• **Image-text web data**
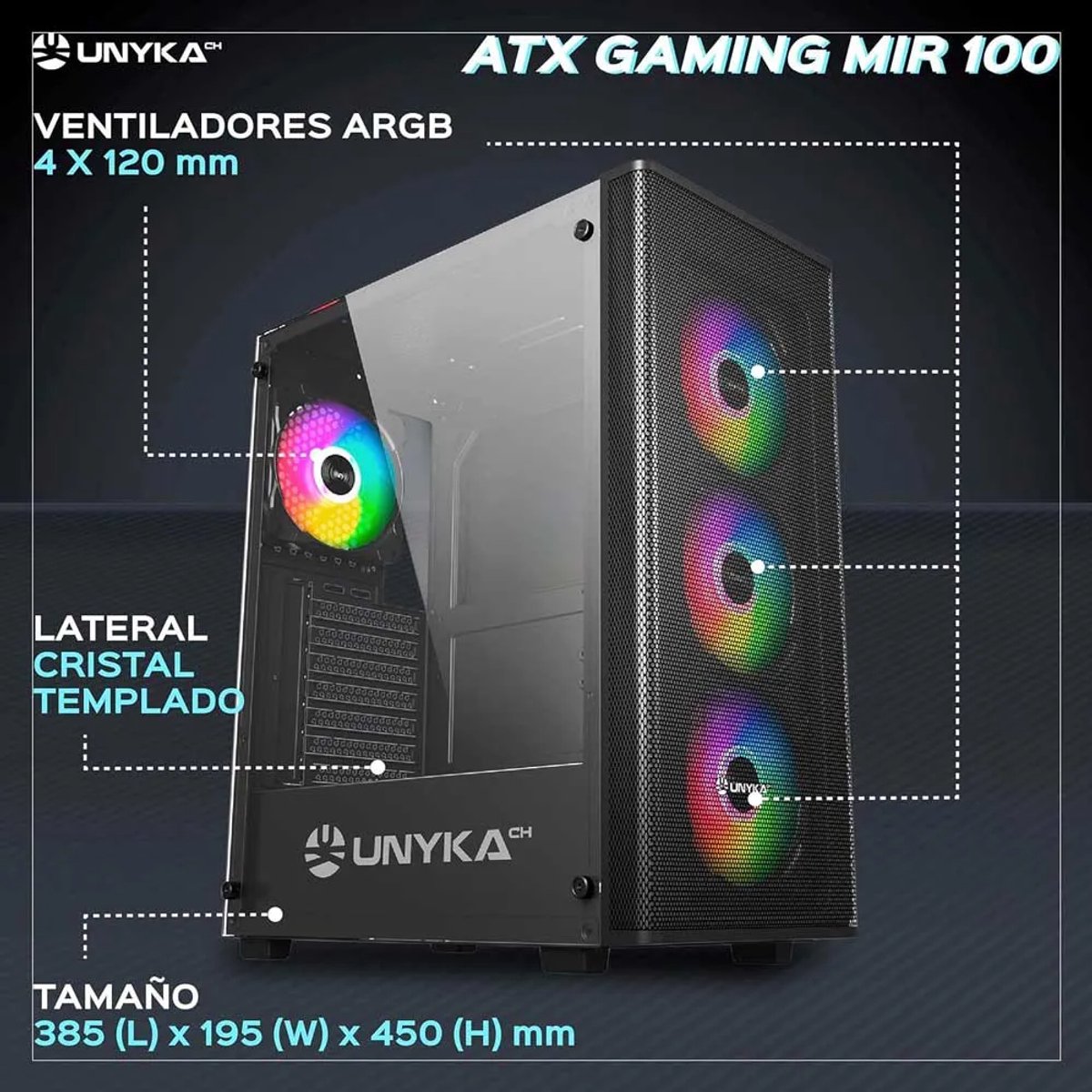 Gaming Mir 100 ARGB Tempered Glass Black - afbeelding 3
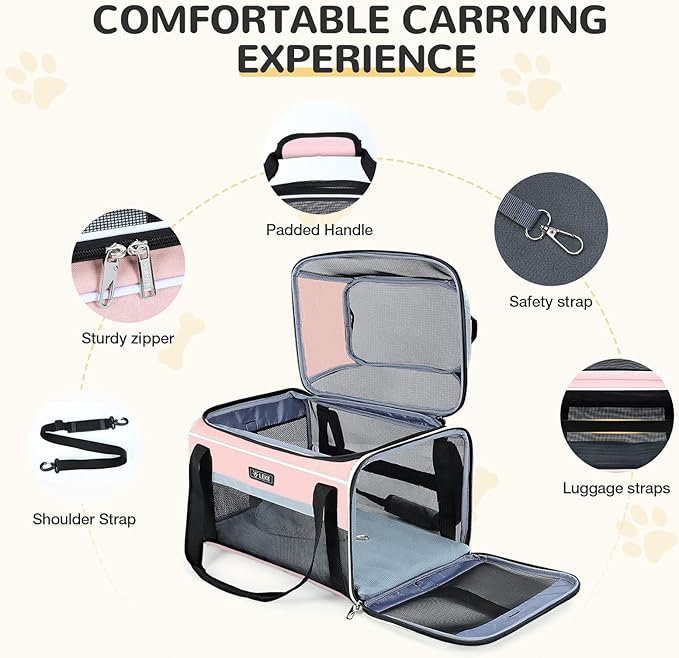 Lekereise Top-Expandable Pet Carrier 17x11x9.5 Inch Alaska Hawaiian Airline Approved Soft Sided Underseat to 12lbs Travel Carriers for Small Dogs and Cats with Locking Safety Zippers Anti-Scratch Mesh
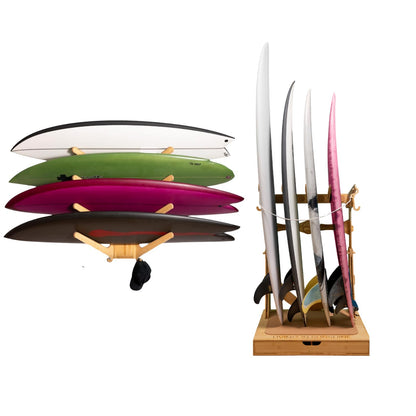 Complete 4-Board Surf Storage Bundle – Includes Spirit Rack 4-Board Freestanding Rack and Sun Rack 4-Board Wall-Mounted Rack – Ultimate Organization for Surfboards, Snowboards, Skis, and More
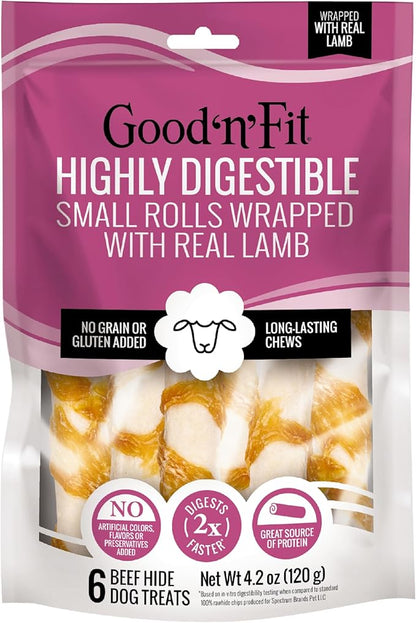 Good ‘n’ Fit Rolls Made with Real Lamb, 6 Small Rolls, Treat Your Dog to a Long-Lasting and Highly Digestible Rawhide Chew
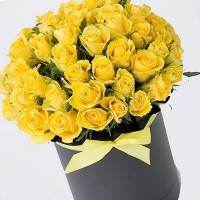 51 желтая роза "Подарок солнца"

--

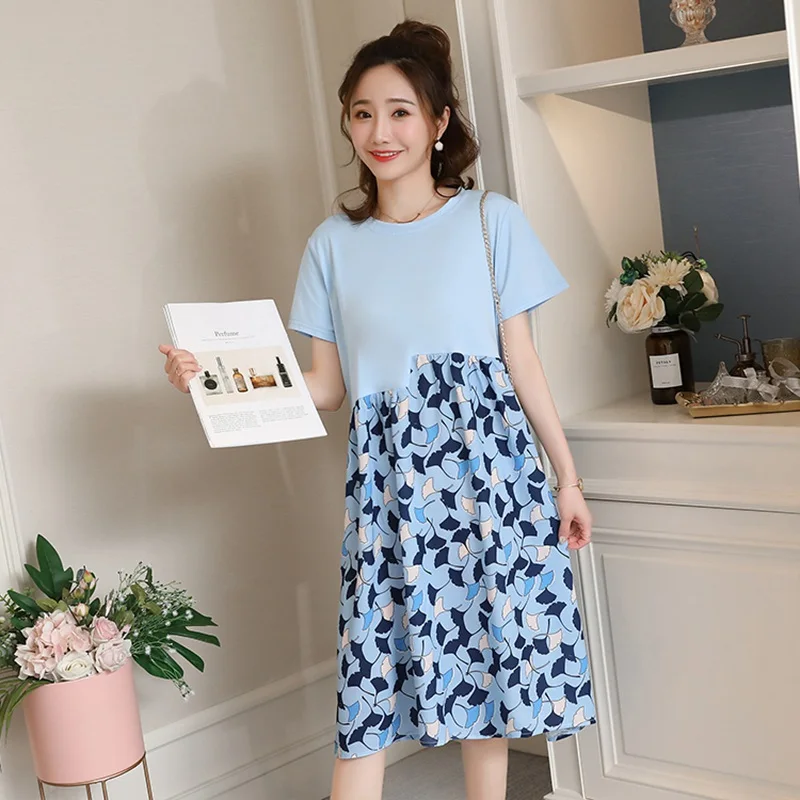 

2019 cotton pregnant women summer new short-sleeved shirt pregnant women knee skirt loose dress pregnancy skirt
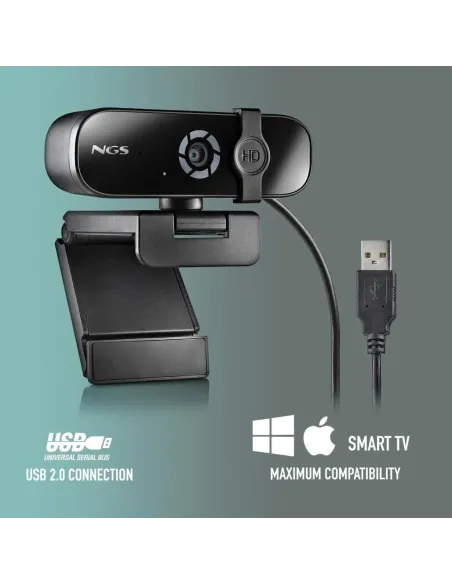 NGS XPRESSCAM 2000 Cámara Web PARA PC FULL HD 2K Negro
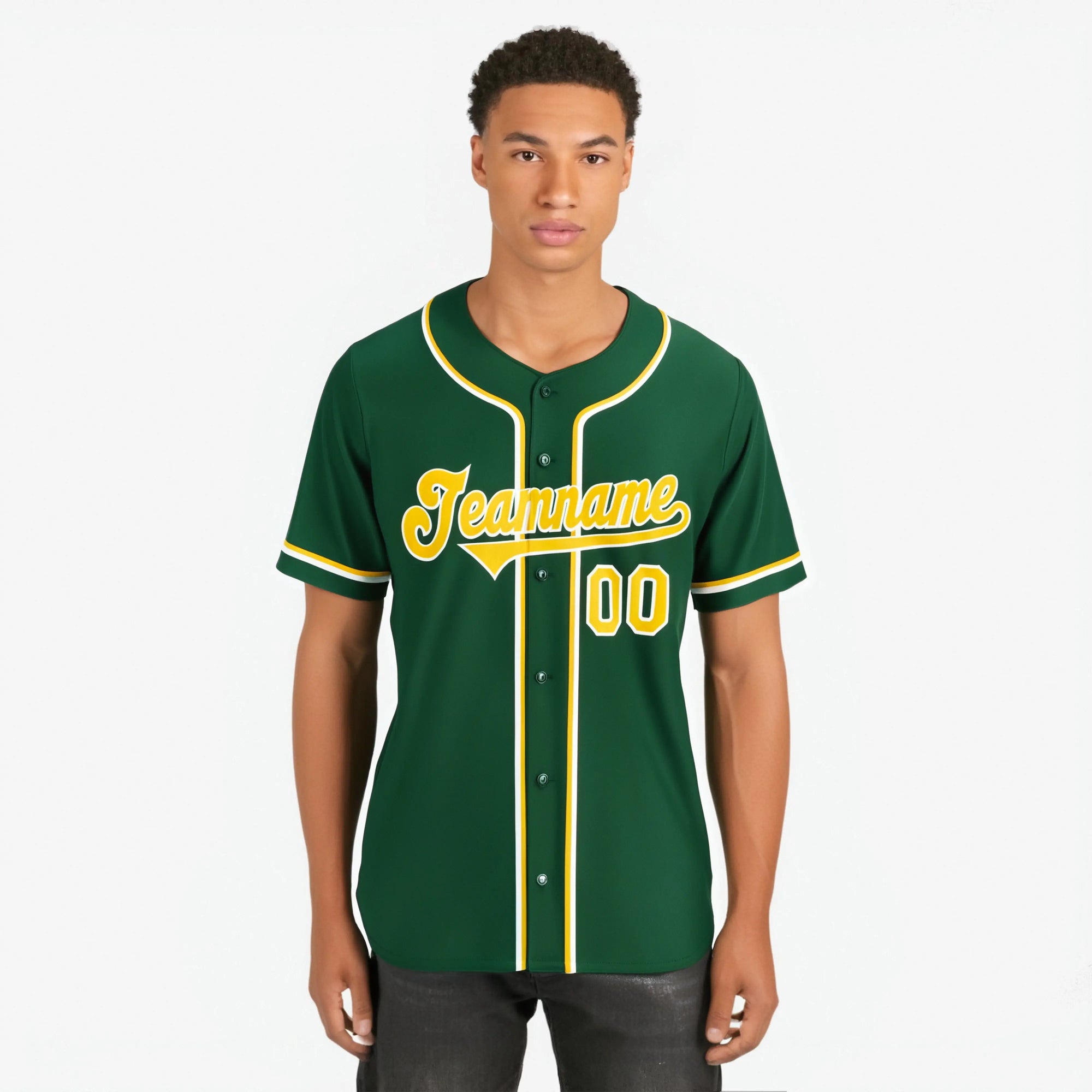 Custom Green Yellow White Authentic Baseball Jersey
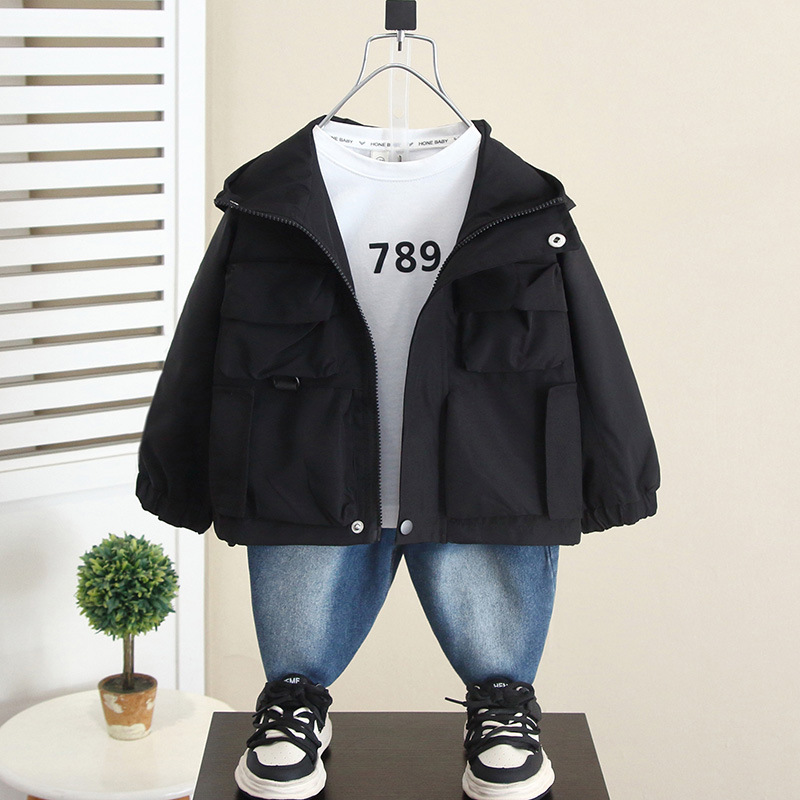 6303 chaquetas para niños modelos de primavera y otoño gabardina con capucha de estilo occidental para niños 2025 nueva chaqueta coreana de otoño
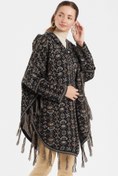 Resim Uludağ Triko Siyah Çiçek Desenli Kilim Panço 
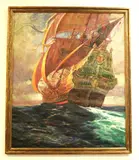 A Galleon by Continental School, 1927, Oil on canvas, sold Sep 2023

• **Task requirements**
Using the entries above, transcribe every line from the line containing "Gaming Mir 100" through the line containing "Complete 4-Board Surf". Do not copy pictures.

• **Task output**
 Gaming Mir 100 ARGB Tempered Glass Black - afbeelding 3
 Lekereise Top-Expandable Pet Carrier 17x11x9.5 Inch Alaska Hawaiian Airline Approved Soft Sided Underseat to 12lbs Travel Carriers for Small Dogs and Cats with Locking Safety Zippers Anti-Scratch Mesh
 Complete 4-Board Surf Storage Bundle – Includes Spirit Rack 4-Board Freestanding Rack and Sun Rack 4-Board Wall-Mounted Rack – Ultimate Organization for Surfboards, Snowboards, Skis, and More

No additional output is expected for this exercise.